For example, a family of five living in my constituency, in receipt of welfare — social assistance — pre-GAIN, that family received $470 a month. One of those parents was handicapped. The father was accepted for the handicapped pension, $265 a month. As a result of that acceptance, Mr. Speaker, that family's income rose to $685 a month pre-GAIN. That family now — if they were to apply since these regulations have come into effect — would receive the father's $265 plus, for a unit five — five persons — $345 allowance support and $160 for monthly shelter. Well, it happens they don't pay $160; they only pay $120. They would receive that less...because the regulation goes on to say: "Deduct from the shelter allowance $75 if one parent receives handicapped pension. Deduct from the family support portion the remaining portion of that income." Do you know what it comes to for that family? It comes to $456. It's less now under GAIN than they were receiving before on social assistance. That's the improvement in GAIN. That's this great, brave new legislation that that minister has introduced.

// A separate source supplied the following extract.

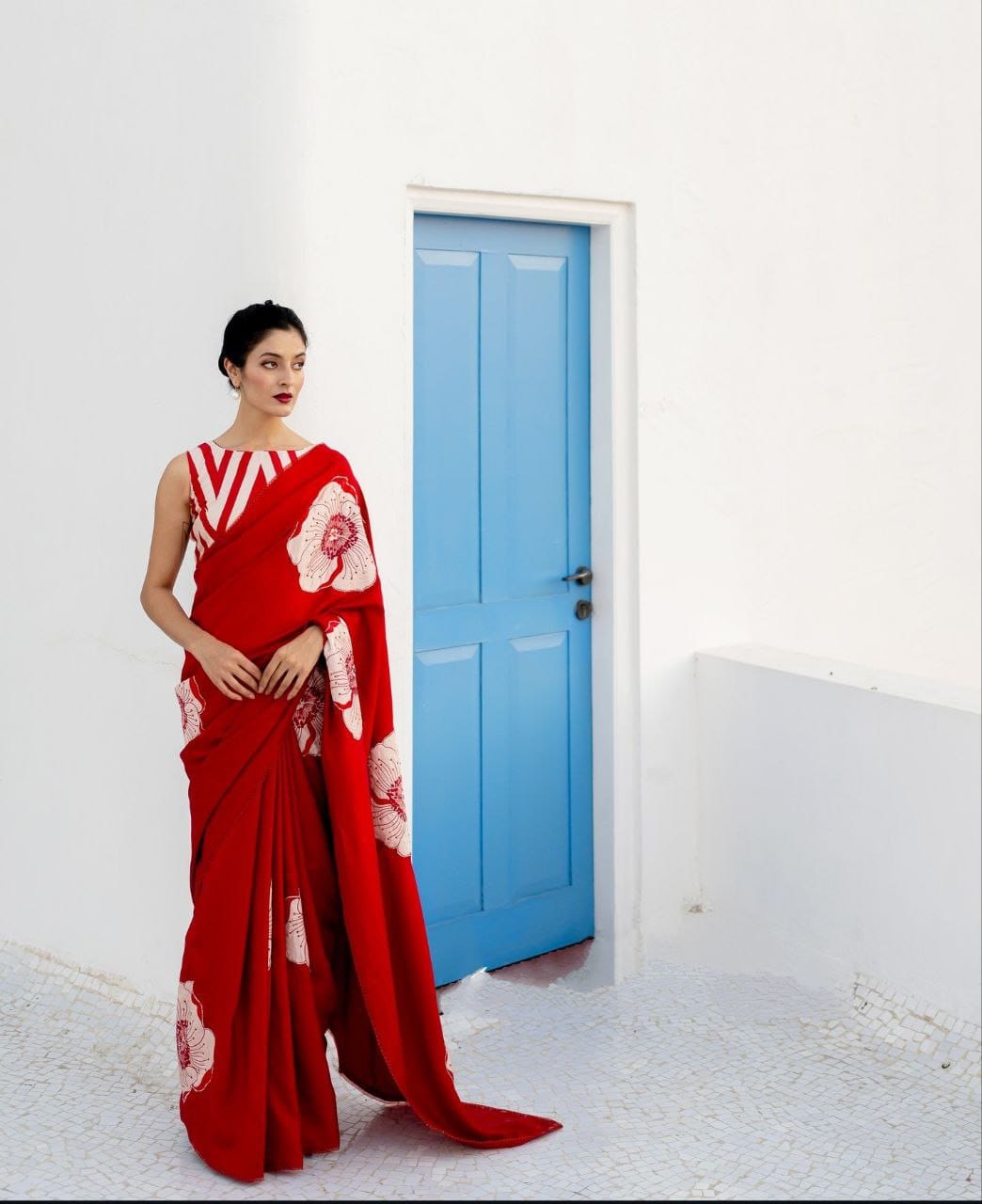 Red color white flower saree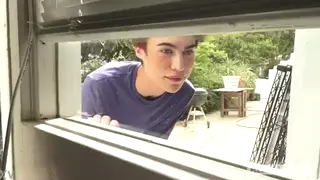 Two European Twinks Share Slow Oral Pleasure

Mr. Speaker, that minister has caused heartache and despair to the people in our province. The member for Comox (Ms. Sanford) talked yesterday about two young men in sleeping bags trying to be first in line to apply for work. In my constituency, for four nights a young man slept in his sleeping bag under the bridge at the Cowichan River. In the morning he got up without food — no breakfast, no food, no money — and went and stood beside a pay phone waiting hopefully and praying for a call from a company where he had put his name in and they had indicated that they might need him and might call him. Four days with no food, no shelter, no money.
MR. COCKE: That's the smiling minister.
MRS. WALLACE: That's the smiling minister — the man who can do wrong. That's the kind of thing that's out there. It takes me back — and I can remember — to the days when the youth of this province rode back and forth across this country on the rods of the railcars or in the boxcars. They were unwanted, unclaimed, unneeded, and driven from town to town. That's what happened then, and we're back into that same situation — right back in an uncaring society. Those same boys, two of them starved to death, Mr. Member for Columbia River (Hon. Mr. Chabot) — if you're here — in Bowness Park in Calgary. They did an autopsy and they had grass in their stomachs.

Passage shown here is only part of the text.